- [Task brief]
Keep the pictures out of the copy and print all the entries below exactly.

(Dataset entries)
= = = = =

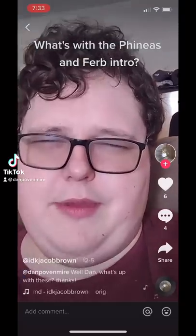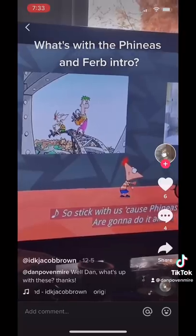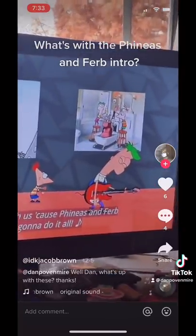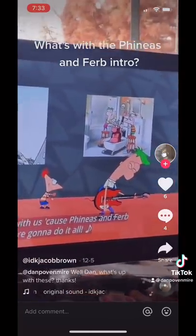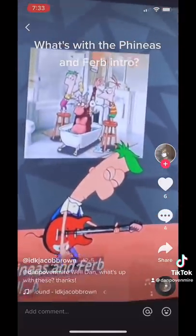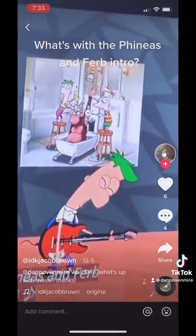I got a question for Dan Provenmire. Why do Phineas and Ferb look so weird in the little segments that are going by? And why do you use real photo backgrounds for some of them?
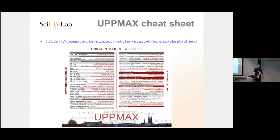UPPMAX used to give out mouse pads with a cheat sheet containing short explanations of common commands like 'rm' for removing files, plus UPPMAX-specific commands. They still have the PDF available to download, print, and put in your workspace as a handy reference.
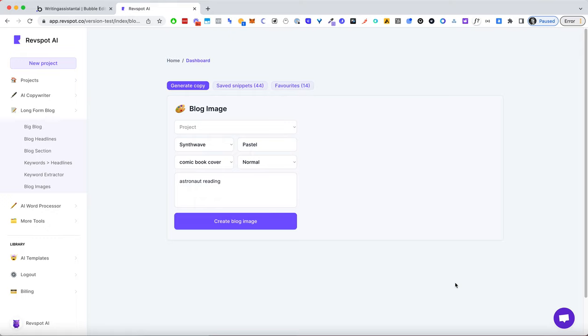I wanted to show that I've also added blog image generation in RevSpot, so anytime you have a blog, first of all, a blog image is automatically generated for you.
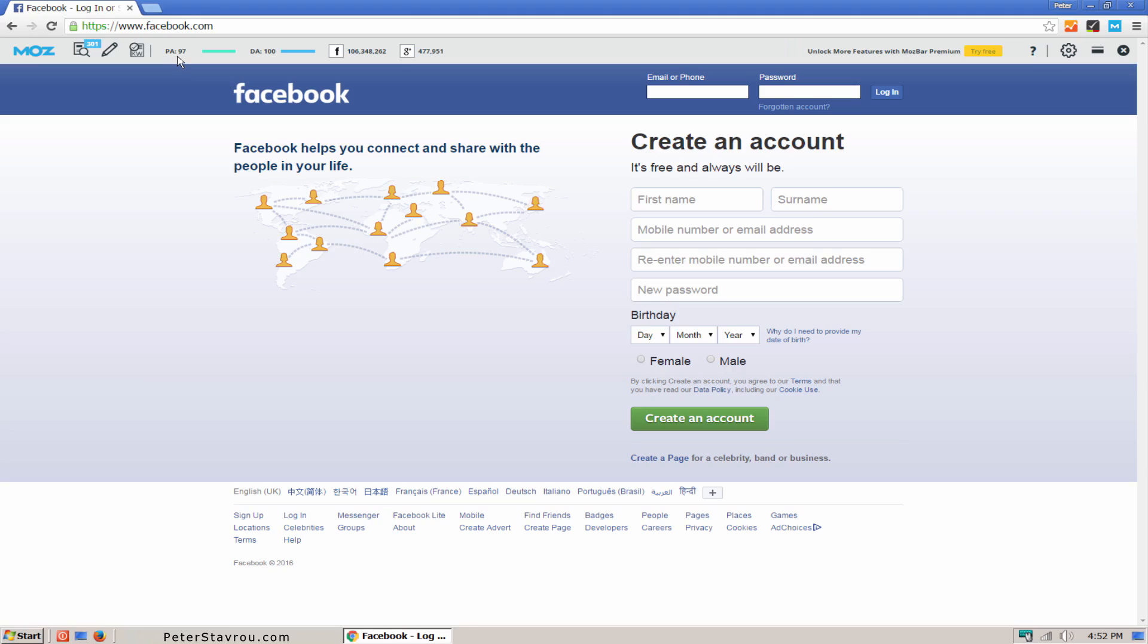Okay, so let's continue on. Page Optimization. This is a premium feature so I'm going to skip it. It basically allows you to enter a keyword so you can check how optimized the page is for that specific keyword.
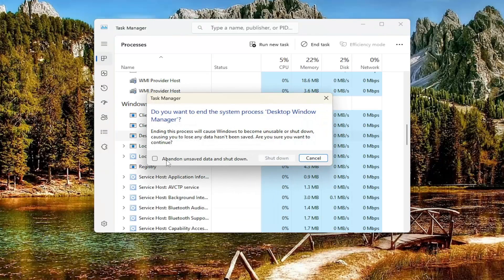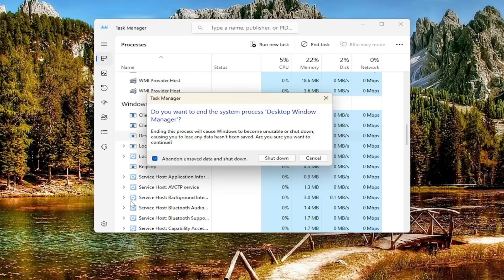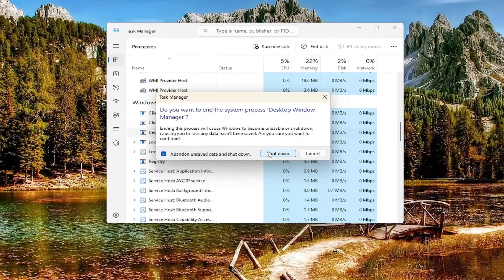Check where it says 'Abandon unsaved data and shutdown.' Make sure you've saved and closed any open programs and applications, then select the Shutdown button.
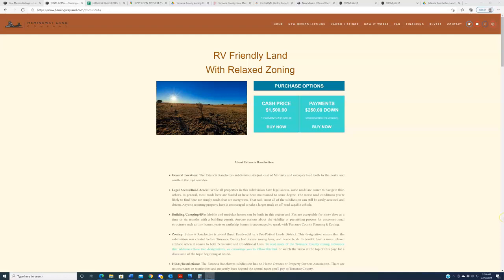Hello again, everybody. Welcome back to HemingwayLand.com, your source for quality, affordable land in the state of New Mexico. Today we're going to be talking about not one, but multiple new properties in a new subdivision that we have never previously bought, listed, or sold land in.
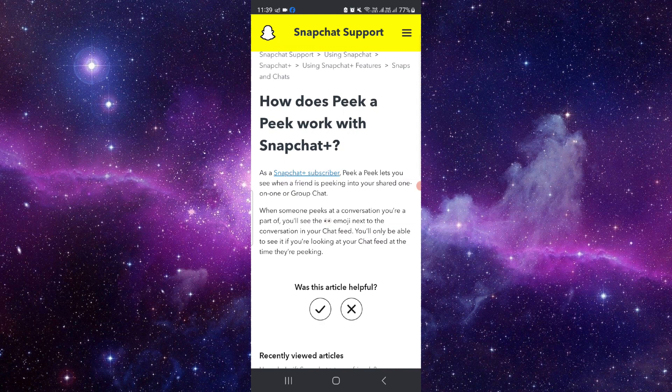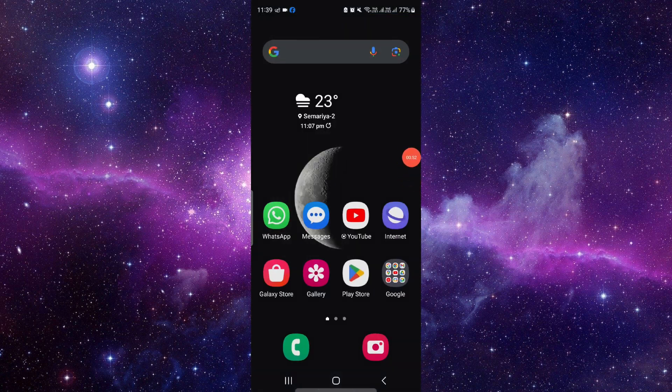So this is the Peek A Peek feature that's available with the Snapchat Plus subscription. It is very useful sometimes. If you have any questions related to this, let me know in the comments. If you find this video helpful, make sure you like, subscribe, and share. Thank you for watching.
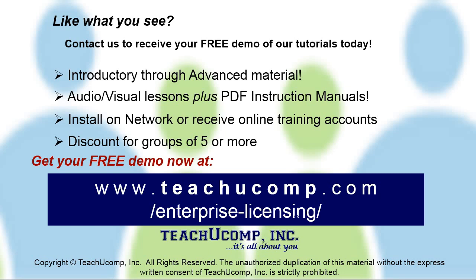Like what you see? Get a free demo of our training for groups of five or more at www.teachucomp.com/enterprise-licensing.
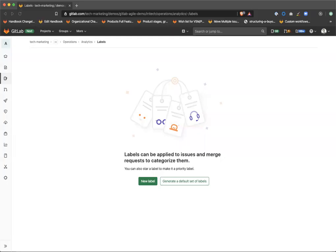Hey everyone, this is Gabe Weaver, Senior Product Manager of the Project Management Group within the Plan of State of GitLab. Today we're going to be doing a speed run on scoped labels.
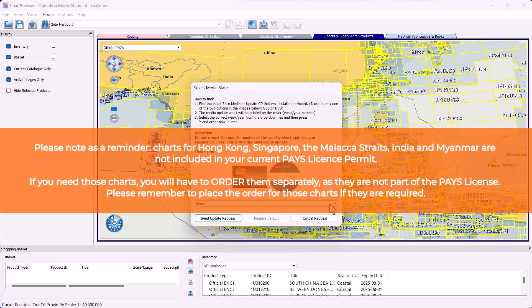Please note as a reminder: charts for Hong Kong, Singapore, the Malacca Straits, India and Myanmar are not included in your current Pays license permit. If you need those charts, you will have to order them separately as they are not part of the Pays license. Please remember to place the order for those charts if they are required.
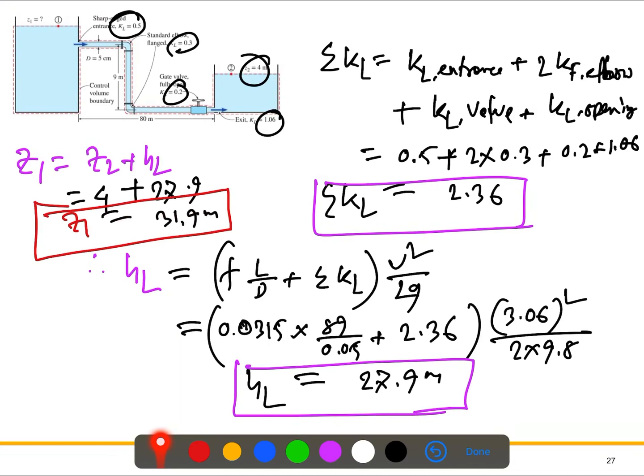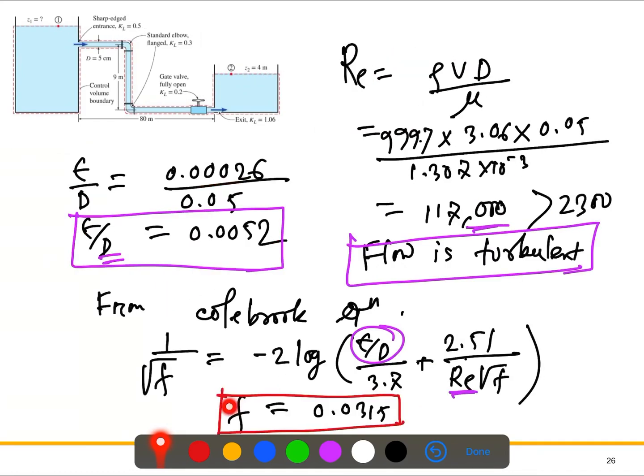So we calculated the elevation using the energy equation — a fairly straightforward problem. The only involved step was finding the friction factor using the Colebrook equation, though you could also use the Moody diagram with the Reynolds number and relative roughness for cast iron. The problem can be further modified and will be discussed during the lecture.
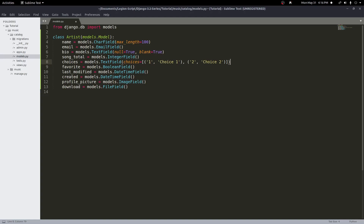We can also give fields default values. On the favorite field, we want to default to False. We can add default=False, and now this will automatically be unselected to start unless the user changes it. You could also make it True if you wanted. You can give a default value to any of these fields.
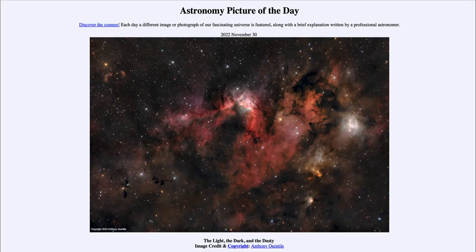Greetings and welcome to the introduction to astronomy. One of the things I like to do in each of my introductory astronomy classes is to begin the class with the astronomy picture of the day from the NASA website, that is apod.nasa.gov/apod. Today's picture for November 30th of 2022 is titled The Light, the Dark, and the Dusty.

= = = = =

- [Solution to this task]
I got a question for Dan Provenmire. Why do Phineas and Ferb look so weird in the little segments that are going by? And why do you use real photo backgrounds for some of them?
UPPMAX used to give out mouse pads with a cheat sheet containing short explanations of common commands like 'rm' for removing files, plus UPPMAX-specific commands. They still have the PDF available to download, print, and put in your workspace as a handy reference.
I wanted to show that I've also added blog image generation in RevSpot, so anytime you have a blog, first of all, a blog image is automatically generated for you.
Okay, so let's continue on. Page Optimization. This is a premium feature so I'm going to skip it. It basically allows you to enter a keyword so you can check how optimized the page is for that specific keyword.
Check where it says 'Abandon unsaved data and shutdown.' Make sure you've saved and closed any open programs and applications, then select the Shutdown button.
Hello again, everybody. Welcome back to HemingwayLand.com, your source for quality, affordable land in the state of New Mexico. Today we're going to be talking about not one, but multiple new properties in a new subdivision that we have never previously bought, listed, or sold land in.
So this is the Peek A Peek feature that's available with the Snapchat Plus subscription. It is very useful sometimes. If you have any questions related to this, let me know in the comments. If you find this video helpful, make sure you like, subscribe, and share. Thank you for watching.
Like what you see? Get a free demo of our training for groups of five or more at www.teachucomp.com/enterprise-licensing.
Hey everyone, this is Gabe Weaver, Senior Product Manager of the Project Management Group within the Plan of State of GitLab. Today we're going to be doing a speed run on scoped labels.
Please note as a reminder: charts for Hong Kong, Singapore, the Malacca Straits, India and Myanmar are not included in your current Pays license permit. If you need those charts, you will have to order them separately as they are not part of the Pays license. Please remember to place the order for those charts if they are required.
So we calculated the elevation using the energy equation — a fairly straightforward problem. The only involved step was finding the friction factor using the Colebrook equation, though you could also use the Moody diagram with the Reynolds number and relative roughness for cast iron. The problem can be further modified and will be discussed during the lecture.
We can also give fields default values. On the favorite field, we want to default to False. We can add default=False, and now this will automatically be unselected to start unless the user changes it. You could also make it True if you wanted. You can give a default value to any of these fields.
Greetings and welcome to the introduction to astronomy. One of the things I like to do in each of my introductory astronomy classes is to begin the class with the astronomy picture of the day from the NASA website, that is apod.nasa.gov/apod. Today's picture for November 30th of 2022 is titled The Light, the Dark, and the Dusty.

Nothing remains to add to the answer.